The bank is collaborating with Worldfirst to launch Bank of Ireland Global payments, which combines foreign exchange and payments without transfer fees for small-to-midsize businesses. Spot contracts, bulk payments, recurring transfers and forward contracts are among the services covered under the collaboration.

Darsh Mariyappa, head of Bank of Ireland Global Markets U.S.
Darsh Mariyappa, head of Bank of Ireland Global Markets U.S.

The payments technology industry is flush with innovation to tackle cross-border payments.
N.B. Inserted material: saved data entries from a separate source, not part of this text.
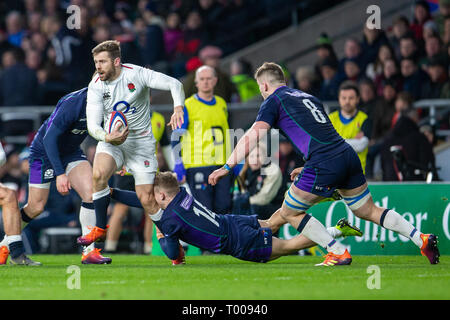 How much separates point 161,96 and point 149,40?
1480mm

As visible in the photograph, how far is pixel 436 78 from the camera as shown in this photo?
15336 millimetres

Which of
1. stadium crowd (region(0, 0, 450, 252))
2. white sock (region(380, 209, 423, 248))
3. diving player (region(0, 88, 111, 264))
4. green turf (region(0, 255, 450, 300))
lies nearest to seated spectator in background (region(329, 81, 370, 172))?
stadium crowd (region(0, 0, 450, 252))

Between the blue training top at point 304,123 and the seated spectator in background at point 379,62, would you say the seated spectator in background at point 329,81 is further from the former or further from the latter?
the blue training top at point 304,123

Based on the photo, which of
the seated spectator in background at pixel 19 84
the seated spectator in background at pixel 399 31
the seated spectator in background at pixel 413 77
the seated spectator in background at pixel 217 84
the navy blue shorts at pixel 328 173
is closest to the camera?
the navy blue shorts at pixel 328 173

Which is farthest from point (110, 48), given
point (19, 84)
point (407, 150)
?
point (19, 84)

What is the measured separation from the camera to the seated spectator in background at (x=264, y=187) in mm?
13039

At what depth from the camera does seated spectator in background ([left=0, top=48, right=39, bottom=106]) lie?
56.3 feet

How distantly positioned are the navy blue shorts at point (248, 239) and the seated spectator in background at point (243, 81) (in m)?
8.24

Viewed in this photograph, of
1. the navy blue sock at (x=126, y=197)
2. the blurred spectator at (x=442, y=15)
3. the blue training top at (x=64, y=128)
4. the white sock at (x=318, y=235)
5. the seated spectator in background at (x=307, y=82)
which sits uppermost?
the blurred spectator at (x=442, y=15)

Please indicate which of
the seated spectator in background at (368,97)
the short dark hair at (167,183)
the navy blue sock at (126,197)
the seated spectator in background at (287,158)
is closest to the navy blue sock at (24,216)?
the navy blue sock at (126,197)

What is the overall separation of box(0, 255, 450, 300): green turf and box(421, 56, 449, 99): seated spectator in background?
220 inches

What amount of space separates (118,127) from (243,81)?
8075 millimetres

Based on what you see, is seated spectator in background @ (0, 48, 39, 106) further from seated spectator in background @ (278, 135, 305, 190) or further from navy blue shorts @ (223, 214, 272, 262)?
navy blue shorts @ (223, 214, 272, 262) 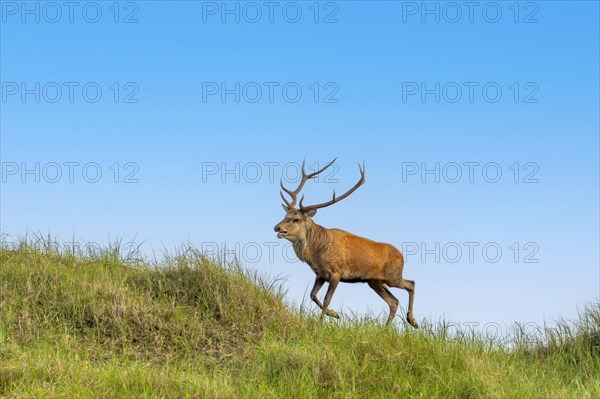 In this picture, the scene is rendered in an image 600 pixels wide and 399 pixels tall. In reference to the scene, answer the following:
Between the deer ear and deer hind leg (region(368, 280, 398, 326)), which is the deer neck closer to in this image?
the deer ear

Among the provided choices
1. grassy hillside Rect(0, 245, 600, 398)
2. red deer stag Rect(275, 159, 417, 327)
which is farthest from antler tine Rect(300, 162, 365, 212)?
grassy hillside Rect(0, 245, 600, 398)

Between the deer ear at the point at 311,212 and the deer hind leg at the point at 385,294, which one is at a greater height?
the deer ear at the point at 311,212

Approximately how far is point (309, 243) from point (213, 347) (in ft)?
13.6

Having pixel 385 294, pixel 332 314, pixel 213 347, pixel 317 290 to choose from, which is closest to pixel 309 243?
pixel 317 290

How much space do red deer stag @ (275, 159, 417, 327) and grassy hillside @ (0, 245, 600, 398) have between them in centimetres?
237

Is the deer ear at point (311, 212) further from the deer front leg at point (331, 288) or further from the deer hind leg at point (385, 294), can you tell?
the deer hind leg at point (385, 294)

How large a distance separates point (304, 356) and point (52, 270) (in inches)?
200

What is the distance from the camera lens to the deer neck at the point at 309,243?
14.2 meters

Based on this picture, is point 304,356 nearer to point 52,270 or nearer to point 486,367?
point 486,367

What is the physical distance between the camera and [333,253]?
14141 millimetres

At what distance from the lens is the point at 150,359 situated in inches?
400

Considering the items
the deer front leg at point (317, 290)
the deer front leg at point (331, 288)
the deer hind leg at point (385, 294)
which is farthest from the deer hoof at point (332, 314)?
the deer hind leg at point (385, 294)

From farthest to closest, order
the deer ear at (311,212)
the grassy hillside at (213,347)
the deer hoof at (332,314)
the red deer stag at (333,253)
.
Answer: the deer ear at (311,212) < the red deer stag at (333,253) < the deer hoof at (332,314) < the grassy hillside at (213,347)

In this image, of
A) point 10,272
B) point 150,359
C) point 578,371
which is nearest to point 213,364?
point 150,359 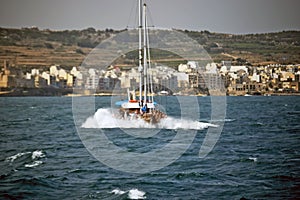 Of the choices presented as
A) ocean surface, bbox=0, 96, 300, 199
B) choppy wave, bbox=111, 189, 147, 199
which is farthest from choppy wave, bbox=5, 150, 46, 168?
choppy wave, bbox=111, 189, 147, 199

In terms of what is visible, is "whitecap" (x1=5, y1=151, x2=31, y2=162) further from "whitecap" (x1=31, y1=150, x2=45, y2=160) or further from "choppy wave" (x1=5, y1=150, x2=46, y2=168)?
"whitecap" (x1=31, y1=150, x2=45, y2=160)

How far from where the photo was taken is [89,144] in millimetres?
47500

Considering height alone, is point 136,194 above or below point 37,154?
below

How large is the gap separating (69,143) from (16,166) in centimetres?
1472

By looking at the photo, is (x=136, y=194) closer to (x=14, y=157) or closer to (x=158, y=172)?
(x=158, y=172)

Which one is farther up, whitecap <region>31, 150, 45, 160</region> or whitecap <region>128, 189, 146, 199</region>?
whitecap <region>31, 150, 45, 160</region>

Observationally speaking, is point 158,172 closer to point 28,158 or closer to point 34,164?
point 34,164

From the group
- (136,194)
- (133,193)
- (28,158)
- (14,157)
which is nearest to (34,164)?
(28,158)

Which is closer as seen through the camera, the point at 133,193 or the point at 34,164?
the point at 133,193

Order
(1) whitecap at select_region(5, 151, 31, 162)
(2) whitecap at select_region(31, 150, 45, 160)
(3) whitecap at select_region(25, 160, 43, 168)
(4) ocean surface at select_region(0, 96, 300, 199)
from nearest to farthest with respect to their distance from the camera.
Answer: (4) ocean surface at select_region(0, 96, 300, 199)
(3) whitecap at select_region(25, 160, 43, 168)
(1) whitecap at select_region(5, 151, 31, 162)
(2) whitecap at select_region(31, 150, 45, 160)

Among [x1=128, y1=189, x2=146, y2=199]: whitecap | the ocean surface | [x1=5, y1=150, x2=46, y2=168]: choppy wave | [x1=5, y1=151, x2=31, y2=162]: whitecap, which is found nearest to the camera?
[x1=128, y1=189, x2=146, y2=199]: whitecap

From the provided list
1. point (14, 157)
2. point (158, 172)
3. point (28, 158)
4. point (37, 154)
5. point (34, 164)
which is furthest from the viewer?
point (37, 154)

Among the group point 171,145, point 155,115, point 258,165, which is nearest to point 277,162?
point 258,165

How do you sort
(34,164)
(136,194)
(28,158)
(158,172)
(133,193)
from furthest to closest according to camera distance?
1. (28,158)
2. (34,164)
3. (158,172)
4. (133,193)
5. (136,194) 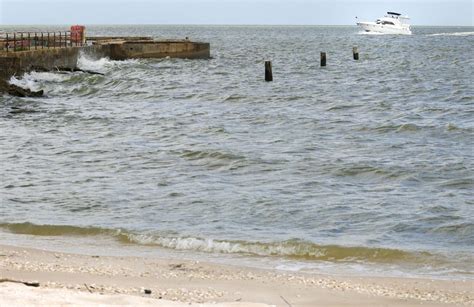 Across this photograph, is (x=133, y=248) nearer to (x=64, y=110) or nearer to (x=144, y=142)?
(x=144, y=142)

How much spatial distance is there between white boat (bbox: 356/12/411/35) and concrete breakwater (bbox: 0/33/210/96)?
83.3 meters

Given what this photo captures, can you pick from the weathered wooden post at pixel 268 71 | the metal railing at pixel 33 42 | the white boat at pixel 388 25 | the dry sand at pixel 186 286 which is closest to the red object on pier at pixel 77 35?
the metal railing at pixel 33 42

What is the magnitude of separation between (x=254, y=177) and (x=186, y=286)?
8.04 meters

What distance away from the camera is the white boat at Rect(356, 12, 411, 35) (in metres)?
146

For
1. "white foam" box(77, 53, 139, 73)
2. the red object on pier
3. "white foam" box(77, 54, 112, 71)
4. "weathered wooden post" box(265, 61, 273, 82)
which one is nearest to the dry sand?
"weathered wooden post" box(265, 61, 273, 82)

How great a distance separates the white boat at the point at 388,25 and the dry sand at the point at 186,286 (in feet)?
456

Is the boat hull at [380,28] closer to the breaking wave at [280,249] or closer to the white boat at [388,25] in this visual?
the white boat at [388,25]

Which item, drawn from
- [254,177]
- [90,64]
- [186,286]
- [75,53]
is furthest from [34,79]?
[186,286]

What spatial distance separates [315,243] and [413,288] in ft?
8.39

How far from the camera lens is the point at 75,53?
5259cm

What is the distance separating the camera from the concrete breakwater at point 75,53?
3806cm

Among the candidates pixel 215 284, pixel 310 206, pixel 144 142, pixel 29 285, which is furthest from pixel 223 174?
pixel 29 285

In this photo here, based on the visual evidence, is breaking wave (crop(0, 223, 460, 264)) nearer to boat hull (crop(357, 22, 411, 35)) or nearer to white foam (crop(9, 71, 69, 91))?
white foam (crop(9, 71, 69, 91))

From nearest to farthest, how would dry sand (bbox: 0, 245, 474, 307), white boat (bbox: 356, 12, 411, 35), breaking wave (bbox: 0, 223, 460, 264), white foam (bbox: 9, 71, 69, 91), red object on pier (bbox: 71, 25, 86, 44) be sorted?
dry sand (bbox: 0, 245, 474, 307) < breaking wave (bbox: 0, 223, 460, 264) < white foam (bbox: 9, 71, 69, 91) < red object on pier (bbox: 71, 25, 86, 44) < white boat (bbox: 356, 12, 411, 35)
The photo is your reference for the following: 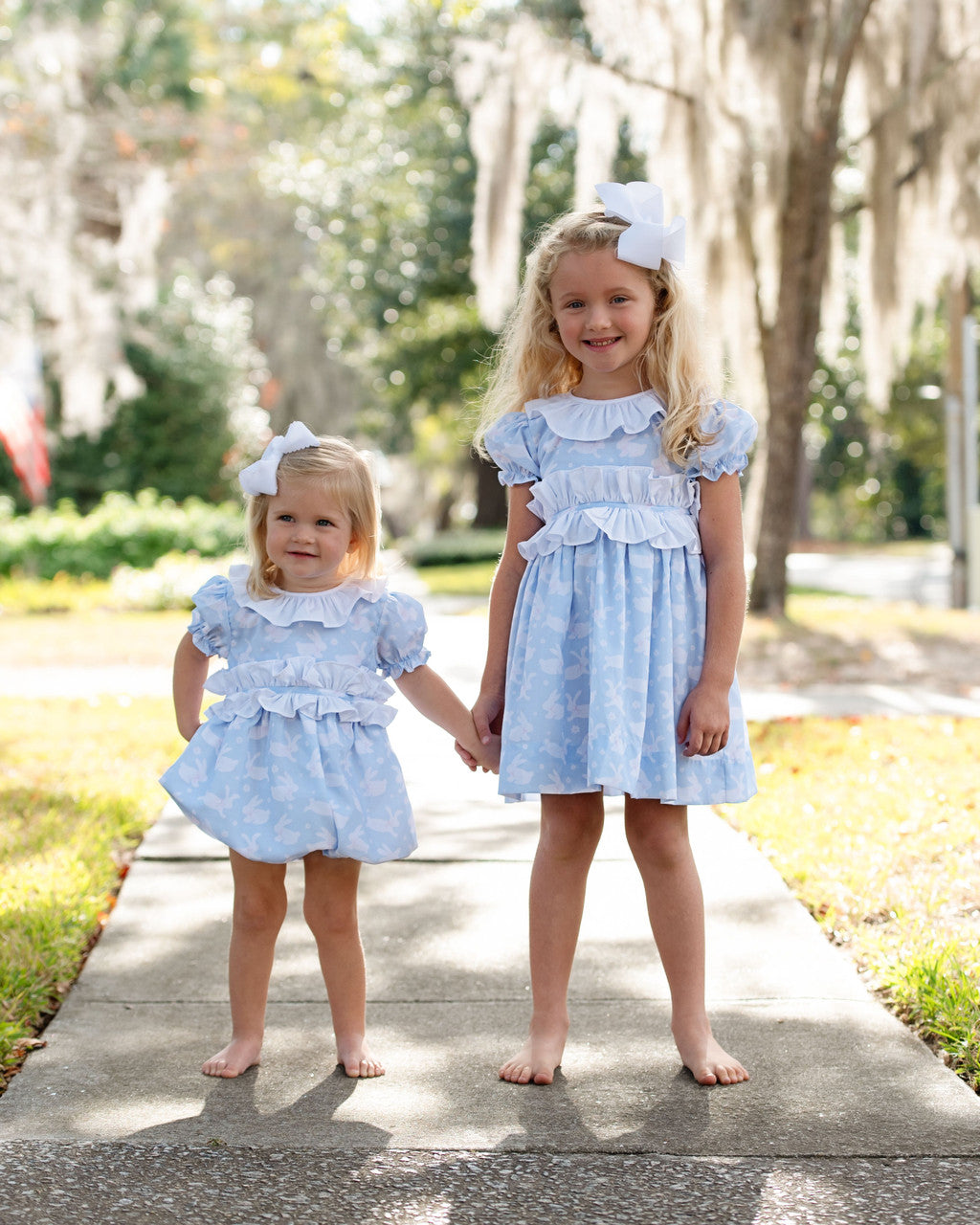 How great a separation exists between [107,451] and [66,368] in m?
2.66

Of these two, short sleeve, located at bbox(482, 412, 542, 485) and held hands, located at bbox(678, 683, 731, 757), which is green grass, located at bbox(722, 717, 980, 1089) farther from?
short sleeve, located at bbox(482, 412, 542, 485)

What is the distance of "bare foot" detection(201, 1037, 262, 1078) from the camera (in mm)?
2621

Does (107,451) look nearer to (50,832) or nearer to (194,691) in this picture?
(50,832)

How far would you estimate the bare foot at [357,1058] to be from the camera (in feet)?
8.62

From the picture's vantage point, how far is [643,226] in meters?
2.65

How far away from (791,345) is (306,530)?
8173 millimetres

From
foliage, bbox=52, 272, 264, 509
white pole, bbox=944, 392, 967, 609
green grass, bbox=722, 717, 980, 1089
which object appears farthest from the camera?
foliage, bbox=52, 272, 264, 509

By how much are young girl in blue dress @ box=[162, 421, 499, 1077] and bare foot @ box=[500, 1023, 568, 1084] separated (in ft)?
0.88

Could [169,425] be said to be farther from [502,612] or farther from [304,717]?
[304,717]

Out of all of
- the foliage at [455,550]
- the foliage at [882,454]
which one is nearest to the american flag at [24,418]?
the foliage at [455,550]

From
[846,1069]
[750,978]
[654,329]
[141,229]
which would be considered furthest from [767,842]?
[141,229]

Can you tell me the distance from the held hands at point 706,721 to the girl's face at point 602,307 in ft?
2.23

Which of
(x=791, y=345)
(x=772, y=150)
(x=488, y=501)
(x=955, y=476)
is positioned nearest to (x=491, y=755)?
(x=772, y=150)

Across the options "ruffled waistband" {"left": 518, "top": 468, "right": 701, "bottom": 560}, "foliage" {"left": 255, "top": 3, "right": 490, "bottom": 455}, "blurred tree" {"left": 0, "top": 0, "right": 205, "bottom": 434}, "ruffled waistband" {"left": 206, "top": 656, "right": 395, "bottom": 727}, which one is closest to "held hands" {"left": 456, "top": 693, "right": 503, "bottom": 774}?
"ruffled waistband" {"left": 206, "top": 656, "right": 395, "bottom": 727} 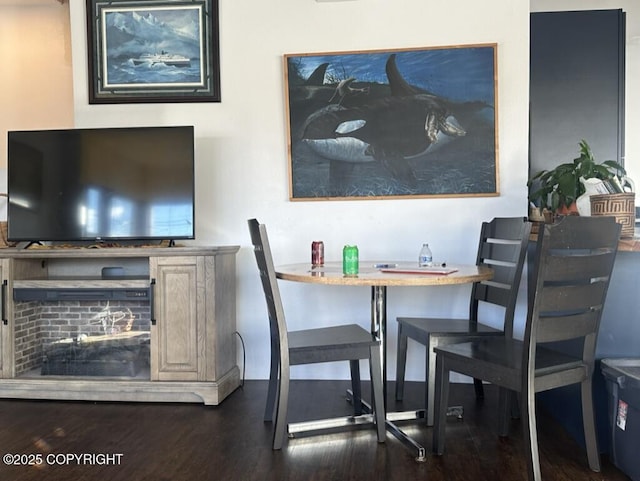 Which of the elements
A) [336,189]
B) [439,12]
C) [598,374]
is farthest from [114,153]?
[598,374]

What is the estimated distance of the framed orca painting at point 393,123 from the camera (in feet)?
9.47

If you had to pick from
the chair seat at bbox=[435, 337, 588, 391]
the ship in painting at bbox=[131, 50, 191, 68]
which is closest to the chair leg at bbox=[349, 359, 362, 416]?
the chair seat at bbox=[435, 337, 588, 391]

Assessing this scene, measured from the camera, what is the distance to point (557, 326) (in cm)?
162

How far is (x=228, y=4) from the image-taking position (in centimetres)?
307

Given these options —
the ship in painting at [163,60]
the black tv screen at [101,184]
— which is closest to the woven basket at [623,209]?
the black tv screen at [101,184]

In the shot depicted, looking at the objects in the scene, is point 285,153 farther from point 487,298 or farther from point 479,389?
point 479,389

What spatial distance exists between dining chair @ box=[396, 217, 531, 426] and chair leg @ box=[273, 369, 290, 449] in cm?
69

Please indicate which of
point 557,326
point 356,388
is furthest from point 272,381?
point 557,326

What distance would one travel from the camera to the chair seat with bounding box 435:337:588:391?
65.7 inches

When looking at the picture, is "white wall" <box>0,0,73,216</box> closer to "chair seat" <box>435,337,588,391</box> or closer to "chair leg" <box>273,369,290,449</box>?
"chair leg" <box>273,369,290,449</box>

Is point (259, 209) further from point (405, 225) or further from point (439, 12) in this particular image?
point (439, 12)

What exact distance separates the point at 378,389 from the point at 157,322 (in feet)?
4.35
The traditional method of using intermediary or correspondent banks, designed for infrequent large transactions, is considered too expensive and time consuming for smaller, digitally focused businesses.

The lack of access to a dedicated cross-border payments platform, along with a need to serve an international buyer base, had led many of the bank's customers to pay transaction fees for wire transfers, or using options that were not designed with frequent cross-border payments in mind.

Companies such as Ripple Labs are also filling the void in international payments, using blockchain technology to remove correspondent banking from the ecosystem to speed transactions and cut costs.

The trend was considered a threat to banks' traditional hold over cross border payments, though some banks such as BBVA have started using the technology to speed cross-border transactions.

Given that banks still control most of of the cross-border payments market, Worldfirst has focused on offering its open source technology with banks through application programming interfaces (APIs), as well as expanding use cases such as education, health care, and stock purchases to differentiate itself from remittance and peer transfer companies like Western Union and Xoom; and fintech alternatives that use blockchain to power cross-border supply chains.

Instead of blockchain, Bank of Ireland is relying on Worldfirst's experience in foreign exchange, e-commerce and corporate payments over a network that has a presence in the U.K. Australia, U.S., Hong Kong, Singapore, Tokyo and Amsterdam.

The competitive threat mobile and blockchain innovation brings to traditional processing models is pushing banks to be generally more open to partnering with financial technology companies, which have traditionally been deemed rivals.

"Worldfirst had the digital solution that turned out to be the right fit, that can serve a large customer base," Mariyappa said, adding Bank of Ireland didn't have a cross-border supply chain payments service and Worldfirst enabled a fast evolution away from correspondent banking models. "This is about smaller, more frequent payments, faster payment and skipping steps in the process."

Other options in the space to provide lower cost cross-border payments are Earthport, PayCommerce and TransPay, according to Gareth Lodge, a senior analyst at Celent, adding the perk for banks is avoiding the premium on foreign exchange that other banks would charge for the same service.

"The banks are looking to these players for small, low-value transactions, where cost is an issue," Lodge said. "A Swift fee for a transaction of $50,000 is more viable than for $100."

The flexibility toward working with financial technology companies is more a fiscal play than a nod to innovation easing propriety, according to Lodge.

"They're choosing cheap, rather than choosing fintech," Lodge said. "That may well mean the larger incumbents will be forced to become both more competitive but also more innovative too."